In a language without LazyEvaluation, you can choose the caching strategy.

In languages like C++ you have to rewrite the caching class for each function whose results are cached OR you can use templates and do it once, if you are prepared to pass the arguments in as a single class variable.

This is a special case of a more general approach: DontRepeatExpensiveOperations?. The expensive operation may be a calculation or may involve accessing a database or some other non-calculational activity. This is by far the most useful OptimizationPattern I've found, and it's the only approach that ever provides order-of-magnitude performance improvements.

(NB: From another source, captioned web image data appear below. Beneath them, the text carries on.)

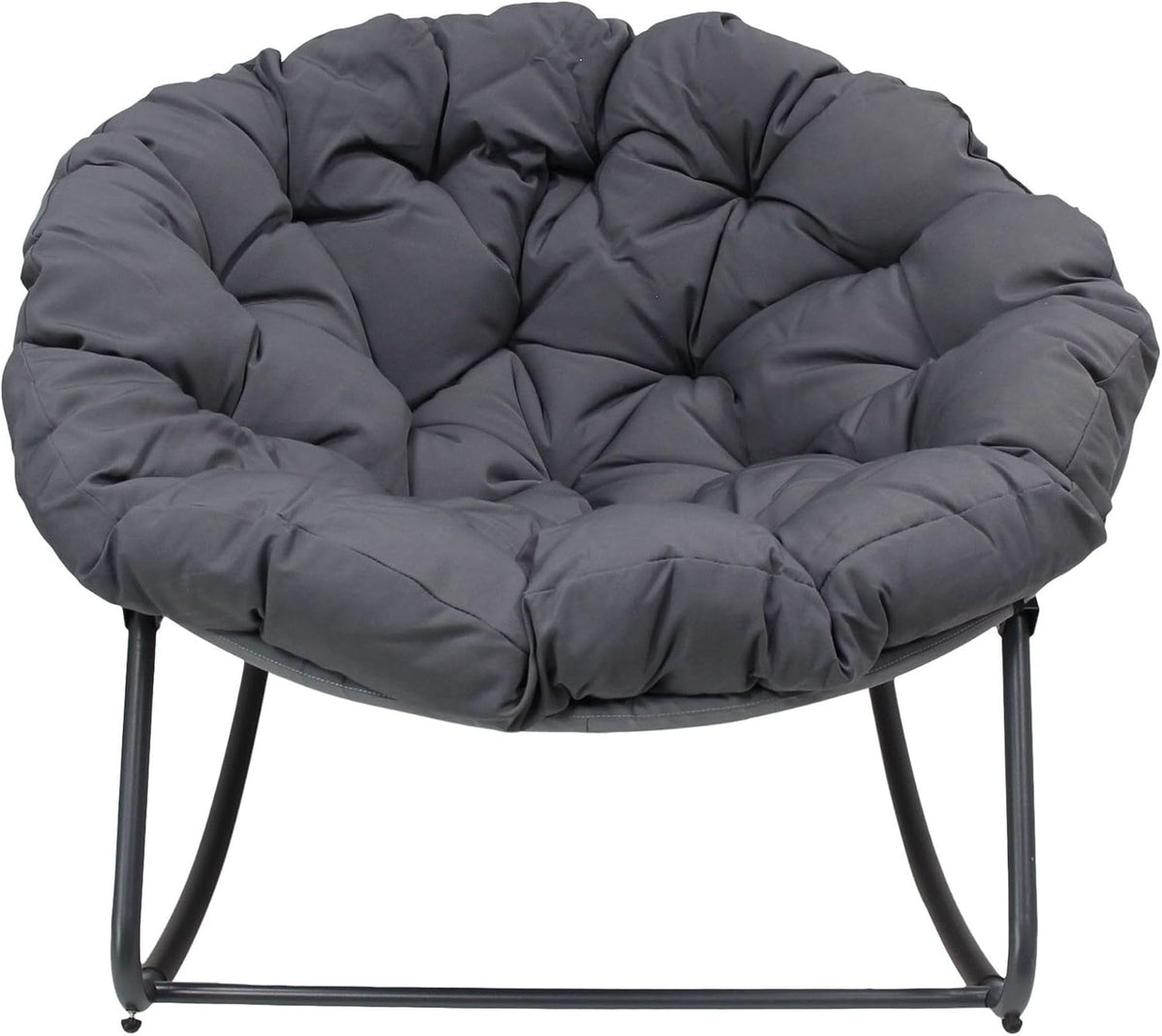 Poltrona, FRANK FLECHTWAREN, Schaukelsessel, 150 kg, 105 cm, 75 cm, 13 cm, 125 × 13 cm, poliéster, metal, Antracite, para a sala
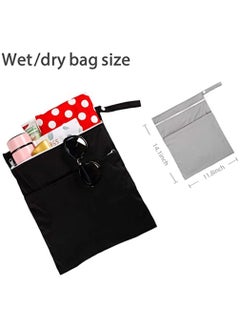 KASTWAVE 2-Piece Wet Dry Bag for Cloth Diapers Travel Beach Pool Yoga Gym Bag for Swimsuits Wet Clothes 2 pcs  - Image 2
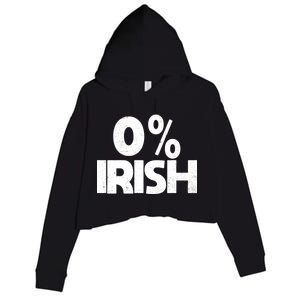 Zero Percent Irish Crop Fleece Hoodie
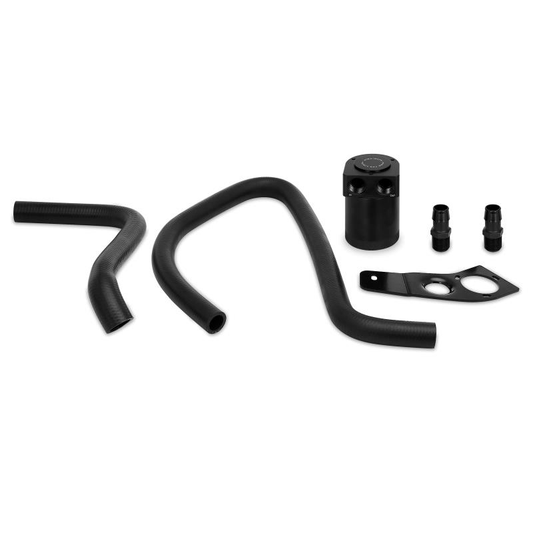 Mishimoto 11-13 BMW 335i/335ix/135i Baffled Oil Catch Can Kit - Black-WheelFlip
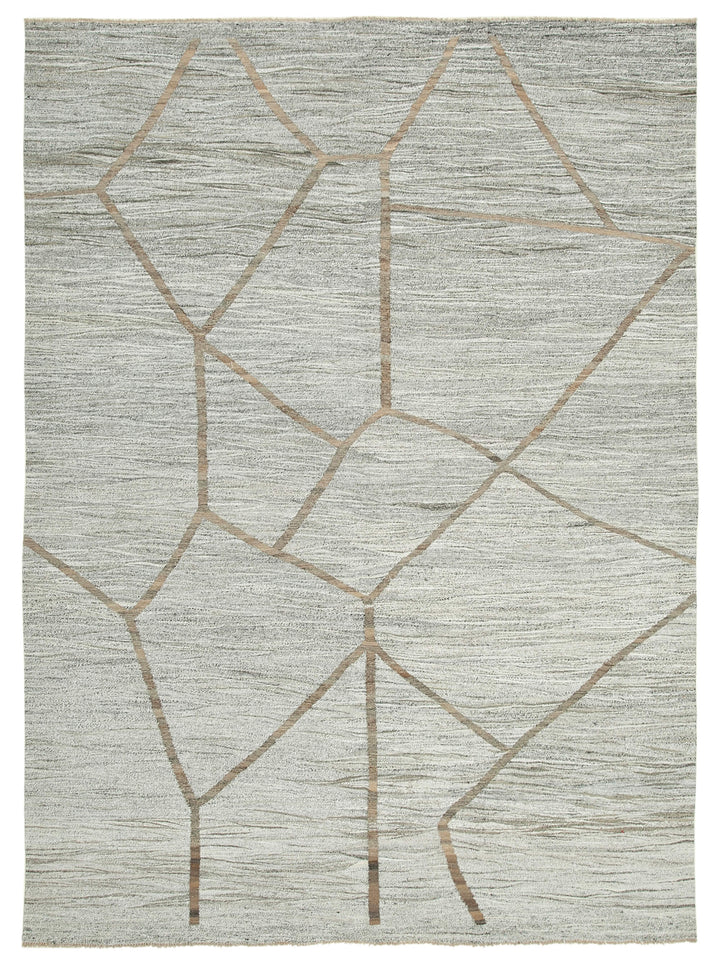 9x12 Grey Contemporary Area Rug - 35497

This is a critical optimization in chess programs (such as DeepBlue) and other state-space searchers. A chess program's TranspositionTable? stores results of leaf node evaluations and possibly values of internal sub-trees of the search tree, typically in a HashTable indexed on a hash of the current position (using an incrementally updated Zobrist hash). This can allow whole sub-trees not to be explored, often adding a full ply or two of search depth in the middlegame and often doubling the search depth in simple endgames where transpositions are more likely.

However, one needs to take care that the cached value of a complex calculation doesn't become stale, and really is applicable to the current situation. For instance, a cached position value in a chess program usually also stores the "draft" or maximum depth for which the value was calculated, as well as flags for whether the value is exact or only an upper or lower bound.


See also PartialEvaluation, MemoizationStrategy

but not to be confused with CacheAccessCalculations?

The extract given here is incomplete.